**GIVEN MATERIAL**
######
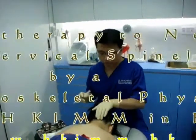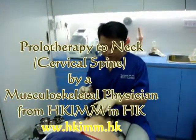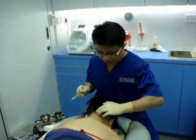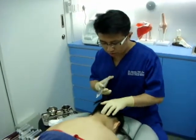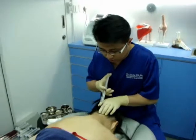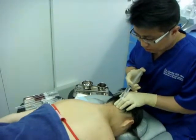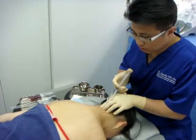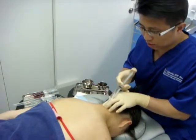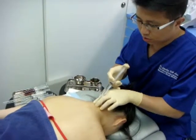Today I'm going to do prolotherapy for this lady's neck. First thing I'm going to do is apply some local anesthetics over the spine, over the region I'm going to inject.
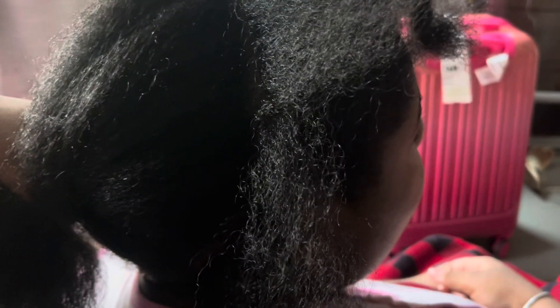Hey everybody, welcome back to the channel! I'm V, and this is a Velarda Street hair review. Today I'm going to be showing you how I did this half up half down braided in the front sew-in.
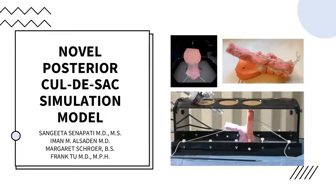This presentation will explain the creation and evaluate the use of a simulation model used to practice the laparoscopic dissection of an obliterated posterior cul-de-sac.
######
**TASK BRIEF**
Exclude every image and return the material above exactly.

**RESPONSE TO THIS TASK**
Today I'm going to do prolotherapy for this lady's neck. First thing I'm going to do is apply some local anesthetics over the spine, over the region I'm going to inject.
Hey everybody, welcome back to the channel! I'm V, and this is a Velarda Street hair review. Today I'm going to be showing you how I did this half up half down braided in the front sew-in.
This presentation will explain the creation and evaluate the use of a simulation model used to practice the laparoscopic dissection of an obliterated posterior cul-de-sac.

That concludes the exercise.